M. Ortona a expliqué que la requête en Cour supérieure faisait suite à un avertissement que la CSEM a récemment reçu de l’Office québécois de la langue française concernant ses communications internes.

La CSEM souhaite plaider en Cour supérieure que ces exigences violent le droit constitutionnel à l’instruction dans la langue de la minorité, et que si elles ne sont pas immédiatement suspendues, elles causeront un préjudice irréparable au fonctionnement de la commission scolaire. 

«Nous fonctionnons en anglais et je ne pense pas que nous devrions en avoir honte, de quelque manière que ce soit, a plaidé M. Ortona. Nous sommes une commission scolaire anglophone. Nous faisons la promotion du bilinguisme et nous enseignons le français, bien sûr, mais je ne pense pas qu’il soit déraisonnable de s’attendre à ce qu’à l’interne, nous fonctionnions en anglais.»

Il existe une exception à la nouvelle loi qui autorise les conseils scolaires anglophones à utiliser seulement l’anglais dans les «communications d’ordre pédagogique». 

Mais cette exception est très limitée, a soutenu M. Ortona: elle ne s’applique pas par exemple aux communications sur le comportement d’un élève en classe, les activités parascolaires, les séances d’information ou les événements spéciaux à l’école.

La «Loi sur la langue officielle et commune du Québec, le français», considérée comme une «réforme de la loi 101», a été adoptée en mai 2022. La plupart de ses dispositions sont entrées en vigueur en juin dernier, notamment celle qui prévoit qu’«un organisme de l’Administration utilise la langue française de façon exemplaire».
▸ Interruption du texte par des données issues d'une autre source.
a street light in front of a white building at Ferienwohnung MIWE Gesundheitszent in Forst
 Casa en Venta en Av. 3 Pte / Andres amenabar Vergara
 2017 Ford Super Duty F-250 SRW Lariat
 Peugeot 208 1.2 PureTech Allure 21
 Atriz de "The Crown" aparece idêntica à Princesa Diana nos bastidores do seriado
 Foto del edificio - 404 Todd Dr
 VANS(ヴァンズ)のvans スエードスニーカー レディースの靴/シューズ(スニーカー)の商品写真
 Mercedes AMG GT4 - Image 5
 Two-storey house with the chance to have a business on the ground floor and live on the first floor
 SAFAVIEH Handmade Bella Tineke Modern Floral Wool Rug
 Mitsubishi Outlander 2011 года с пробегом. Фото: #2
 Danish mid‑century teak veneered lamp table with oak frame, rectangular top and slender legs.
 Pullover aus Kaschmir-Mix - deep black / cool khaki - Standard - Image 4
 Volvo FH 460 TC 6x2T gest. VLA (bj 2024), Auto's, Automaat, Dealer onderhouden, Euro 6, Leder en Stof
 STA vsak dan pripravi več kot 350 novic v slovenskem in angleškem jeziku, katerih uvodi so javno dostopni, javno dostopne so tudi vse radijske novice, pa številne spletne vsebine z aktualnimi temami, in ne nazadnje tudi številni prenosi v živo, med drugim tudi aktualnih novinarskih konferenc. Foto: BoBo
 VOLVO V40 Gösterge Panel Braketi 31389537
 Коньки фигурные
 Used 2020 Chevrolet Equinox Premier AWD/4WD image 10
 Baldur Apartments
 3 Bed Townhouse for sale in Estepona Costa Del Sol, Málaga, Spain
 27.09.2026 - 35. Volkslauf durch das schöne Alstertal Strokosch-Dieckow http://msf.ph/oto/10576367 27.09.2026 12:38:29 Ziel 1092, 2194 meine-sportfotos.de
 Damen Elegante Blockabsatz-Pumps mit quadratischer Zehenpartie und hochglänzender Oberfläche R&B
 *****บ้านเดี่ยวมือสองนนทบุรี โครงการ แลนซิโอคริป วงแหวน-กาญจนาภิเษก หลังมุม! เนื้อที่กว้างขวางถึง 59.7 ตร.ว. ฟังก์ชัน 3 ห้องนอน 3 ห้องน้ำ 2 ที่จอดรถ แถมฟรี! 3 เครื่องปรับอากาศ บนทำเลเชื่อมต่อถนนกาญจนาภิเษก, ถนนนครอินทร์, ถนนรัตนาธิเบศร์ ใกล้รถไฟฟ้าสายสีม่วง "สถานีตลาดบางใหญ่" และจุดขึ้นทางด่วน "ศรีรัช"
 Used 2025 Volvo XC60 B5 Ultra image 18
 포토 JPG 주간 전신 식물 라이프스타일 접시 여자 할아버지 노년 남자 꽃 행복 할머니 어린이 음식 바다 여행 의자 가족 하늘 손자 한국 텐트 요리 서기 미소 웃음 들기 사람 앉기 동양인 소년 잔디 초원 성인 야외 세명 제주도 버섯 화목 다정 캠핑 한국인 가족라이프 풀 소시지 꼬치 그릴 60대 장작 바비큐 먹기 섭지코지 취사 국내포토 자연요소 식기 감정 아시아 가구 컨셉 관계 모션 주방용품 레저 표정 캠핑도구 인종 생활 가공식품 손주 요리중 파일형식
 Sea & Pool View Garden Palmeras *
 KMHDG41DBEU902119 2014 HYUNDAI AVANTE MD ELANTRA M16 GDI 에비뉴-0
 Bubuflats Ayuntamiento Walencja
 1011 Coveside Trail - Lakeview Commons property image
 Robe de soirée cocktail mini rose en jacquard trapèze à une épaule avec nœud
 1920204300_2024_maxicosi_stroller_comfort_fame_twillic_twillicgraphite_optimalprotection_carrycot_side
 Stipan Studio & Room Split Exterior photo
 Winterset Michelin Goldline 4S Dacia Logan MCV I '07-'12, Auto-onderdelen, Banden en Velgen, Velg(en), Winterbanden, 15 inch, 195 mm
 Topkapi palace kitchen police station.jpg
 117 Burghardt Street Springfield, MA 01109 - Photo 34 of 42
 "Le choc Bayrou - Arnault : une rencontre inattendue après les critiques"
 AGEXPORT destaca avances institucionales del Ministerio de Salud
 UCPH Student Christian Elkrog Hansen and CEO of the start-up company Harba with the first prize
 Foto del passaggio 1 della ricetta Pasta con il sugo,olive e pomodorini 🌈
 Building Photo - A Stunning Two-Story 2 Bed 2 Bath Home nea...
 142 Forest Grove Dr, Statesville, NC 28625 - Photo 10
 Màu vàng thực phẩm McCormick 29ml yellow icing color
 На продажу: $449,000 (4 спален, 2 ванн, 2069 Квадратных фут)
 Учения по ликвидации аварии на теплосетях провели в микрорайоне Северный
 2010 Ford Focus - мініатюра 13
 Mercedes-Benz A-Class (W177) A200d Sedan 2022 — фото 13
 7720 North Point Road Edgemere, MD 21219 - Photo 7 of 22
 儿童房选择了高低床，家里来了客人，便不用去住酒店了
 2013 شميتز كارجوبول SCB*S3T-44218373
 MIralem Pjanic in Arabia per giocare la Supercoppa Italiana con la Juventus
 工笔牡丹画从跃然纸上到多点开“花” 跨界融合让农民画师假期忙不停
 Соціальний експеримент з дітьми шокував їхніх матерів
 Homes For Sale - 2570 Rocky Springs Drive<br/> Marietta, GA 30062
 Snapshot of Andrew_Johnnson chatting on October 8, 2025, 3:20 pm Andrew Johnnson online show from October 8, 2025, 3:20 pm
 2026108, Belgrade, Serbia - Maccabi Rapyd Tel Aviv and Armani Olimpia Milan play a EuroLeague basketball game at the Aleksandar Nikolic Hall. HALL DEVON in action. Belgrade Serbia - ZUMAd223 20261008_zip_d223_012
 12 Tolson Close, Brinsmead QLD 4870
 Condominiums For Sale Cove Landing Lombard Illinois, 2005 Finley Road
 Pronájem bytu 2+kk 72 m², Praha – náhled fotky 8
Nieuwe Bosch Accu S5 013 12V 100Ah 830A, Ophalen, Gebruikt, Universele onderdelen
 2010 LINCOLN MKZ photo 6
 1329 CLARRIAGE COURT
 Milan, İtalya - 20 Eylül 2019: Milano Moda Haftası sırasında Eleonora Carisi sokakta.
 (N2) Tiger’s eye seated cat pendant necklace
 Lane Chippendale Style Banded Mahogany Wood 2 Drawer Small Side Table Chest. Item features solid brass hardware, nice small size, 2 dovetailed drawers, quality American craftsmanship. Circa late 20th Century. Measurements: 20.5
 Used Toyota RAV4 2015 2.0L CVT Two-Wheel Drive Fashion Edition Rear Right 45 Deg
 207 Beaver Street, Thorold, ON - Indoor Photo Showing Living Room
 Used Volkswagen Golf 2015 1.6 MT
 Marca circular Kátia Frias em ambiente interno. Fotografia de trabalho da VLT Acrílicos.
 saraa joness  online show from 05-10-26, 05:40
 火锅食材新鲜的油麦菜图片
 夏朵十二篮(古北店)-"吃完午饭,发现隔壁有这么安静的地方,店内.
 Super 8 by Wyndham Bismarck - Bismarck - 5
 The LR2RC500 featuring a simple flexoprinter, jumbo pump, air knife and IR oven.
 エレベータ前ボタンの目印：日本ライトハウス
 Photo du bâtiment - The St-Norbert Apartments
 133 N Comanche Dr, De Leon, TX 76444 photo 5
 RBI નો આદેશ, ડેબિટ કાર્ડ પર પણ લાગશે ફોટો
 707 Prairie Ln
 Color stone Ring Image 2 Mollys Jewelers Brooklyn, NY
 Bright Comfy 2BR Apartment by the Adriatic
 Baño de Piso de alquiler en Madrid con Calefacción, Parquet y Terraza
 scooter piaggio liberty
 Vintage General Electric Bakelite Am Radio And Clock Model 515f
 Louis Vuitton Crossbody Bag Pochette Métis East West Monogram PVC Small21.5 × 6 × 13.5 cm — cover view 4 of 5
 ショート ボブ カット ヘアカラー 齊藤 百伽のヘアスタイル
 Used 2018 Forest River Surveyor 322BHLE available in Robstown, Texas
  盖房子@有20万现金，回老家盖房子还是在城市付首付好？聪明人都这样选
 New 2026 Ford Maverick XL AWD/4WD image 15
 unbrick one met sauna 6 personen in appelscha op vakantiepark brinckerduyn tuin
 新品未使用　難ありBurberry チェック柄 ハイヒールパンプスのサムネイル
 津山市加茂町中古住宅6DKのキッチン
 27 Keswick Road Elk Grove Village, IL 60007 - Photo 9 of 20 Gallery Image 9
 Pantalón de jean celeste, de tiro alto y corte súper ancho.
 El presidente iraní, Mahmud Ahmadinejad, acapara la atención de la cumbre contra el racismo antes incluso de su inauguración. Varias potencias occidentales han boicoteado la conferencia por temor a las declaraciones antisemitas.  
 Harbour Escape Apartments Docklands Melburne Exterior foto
La loi donne également à l’OQLF de larges pouvoirs de perquisition et de saisie. M. Ortona croit que la CSEM risque d’être condamnée à une amende si elle ne s’y conforme pas.

«Rien de nouveau»

Cependant, Chantal Bouchard, porte-parole de l’Office québécois de la langue française (OQLF), a précisé mercredi dans un courriel que les exigences que prévoit la Charte de la langue française concernant les communications internes et externes d’une commission scolaire anglophone n’avaient pas changé dans la nouvelle loi. «L’interprétation que fait l’Office de ces exigences n’a pas changé non plus», assure Mme Bouchard.

Les communications du conseil scolaire avec son personnel et d’autres conseils scolaires anglophones — ainsi que les communications générales avec les parents — peuvent donc contenir de l’anglais si elles contiennent également du français. Toutefois, les messages adressés directement à un parent en particulier peuvent être dans les deux langues, ou uniquement en français ou en anglais, selon la préférence du parent, indique la porte-parole de l’OQLF.

«Lorsqu’il s’agit de communications d’ordre pédagogique destinées aux membres du personnel ou aux élèves, elles peuvent se faire dans la langue d’enseignement sans avoir à utiliser en même temps le français», écrit Mme Bouchard. 

La CSEM fait partie d’une contestation constitutionnelle de certaines dispositions de la nouvelle loi linguistique québécoise. Des contestations ont également été déposées par des municipalités bilingues, un groupe d’avocats et une organisation autochtone.

Un porte-parole du ministre de la Langue française, Jean-François Roberge, a refusé de commenter, mercredi, puisque l’affaire est judiciarisée.